Dean of the University of Toronto Faculty of Applied Science and Engineering
- In office 1914–1919
- Preceded by: John Galbraith
- Succeeded by: Charles Hamilton Mitchell

Personal details
- Born: 23 November 1845 Derbyshire, England, UK
- Died: 23 August 1920 (aged 74) Lake Joseph, Muskoka Lakes, Ontario, Canada
- Spouse: Ellen Maude Mickle
- Children: Arthur William Mickle Ellis, Ethel May Ellis Crooks
- Relatives: William Ellis (British missionary) (Grandfather)
- Education: B.A., 1867 M.A., 1868 M.B., 1870
- Alma mater: University of Toronto
- Known for: President of the Royal Canadian Institute; Chairman of the Canadian Section of the Society of Chemical Industry
- Fields: Applied Chemistry

= William Hodgson Ellis =

Engineer and professor (1845–1920)

William Hodgson Ellis (1845–1920) was a Professor of Applied Chemistry from 1878, and Dean of the Faculty of Applied Science and Engineering at the University of Toronto from 1914, until his retirement in 1919.

==Early life==
William Hodgson Ellis was born on 23 November 1845 in Holme Hall, Bakewell, Derbyshire, England. He was the son of the only daughter of Mr. Joseph Hodgson of Holme Hall and her husband, the resident physician, John Eimeo Ellis. Ellis emigrated with his family to the State of Illinois in 1857 and then to Toronto in 1859.

Ellis's paternal grandfather was William Ellis (1794–1872), the English missionary and author.

==Education==
Ellis entered University College at the University of Toronto in 1863, receiving his B.A. in 1867 with the Gold Medal in Natural Science. He obtained his M.A. in 1868 and his M.B. (Bachelor of Medicine) in 1870. Following his education in Toronto, he went to London, England and obtained a position on the house staff of St. Thomas' Hospital, securing his L.R.C.P. in the autumn of 1871, when he returned to Canada.

==University of Toronto==
He settled down to practice his profession, but was immediately offered the position of lecturer in chemistry in Trinity College, and shortly afterwards he undertook similar duties in the newly-founded School of Technology. This latter institution became in 1877 The Ontario School of Practical Science in which he was Assistant Professor of Chemistry. In 1887 he became Professor of Applied Chemistry, a position which he held till his retirement.

In 1907, when the School of Practical Science became the Faculty of Applied Science and Engineering of the University of Toronto, he was made head of instruction in chemistry for the whole University. After the death of Dean John Galbraith in 1914, he was made Dean of the Faculty of Applied Science, from which position he retired in 1919.

In the Medical Faculty, he held the position of Professor of Toxicology and Medical Jurisprudence from 1897 to 1913, when he was obliged to resign owing to the pressure of other work. For more than 30 years he was retained by the Attorney-General of Ontario as analyst and expert toxicologist in connection with criminal cases. During the same period he was Public Analyst for the Inland Revenue Department.

==Honours and later life==
The variety and pressing nature of his daily work prevented him from writing any extensive scientific treatises; but numerous papers from his pen are to be found in the Transactions of the Canadian Institute, the Report of the Bureau of Mines and in the Transactions of the Royal Society.

In 1915 he was honoured by the University of Toronto with the degree LL.D., and in 1917 a similar honour was conferred upon him by McGill University.

In 1917 he was made Honorary Member of the Engineering Institute of Canada.

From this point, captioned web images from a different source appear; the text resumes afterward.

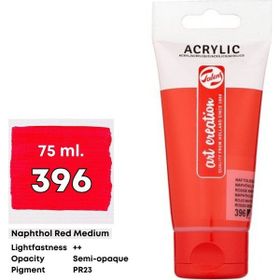 Talens Naphthol Red Medium 396 75 ml Akrilik Boya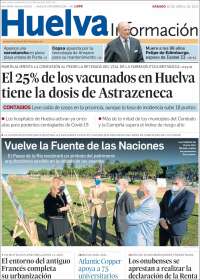 Portada de Huelva Información (España)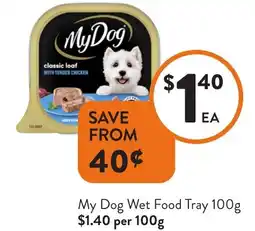 Foodworks My Dog Wet Food Tray offer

He was a fellow of the Institute of Chemistry, and a Fellow of the Royal Society of Canada.

He was an ex-president of the Royal Canadian Institute, and ex-chairman of the Canadian Section of the Society of Chemical Industry.

Ellis died on 23 August 1920 while enjoying a holiday with his friend Dr. Rudolf on Lake Joseph in the Muskoka District.

==Personal life==

Ellis married Ellen Maude Mickle in Wellington, Ontario, Canada, on 4 August 1875. Their son, the prominent British Canadian physician, pathologist, and Regius Professor of Medicine, Arthur William Mickle Ellis, was born in Toronto, Ontario, Canada on 4 May 1883. Their daughter, Ethel May Crooks (nee Ellis), was born sometime in 1876.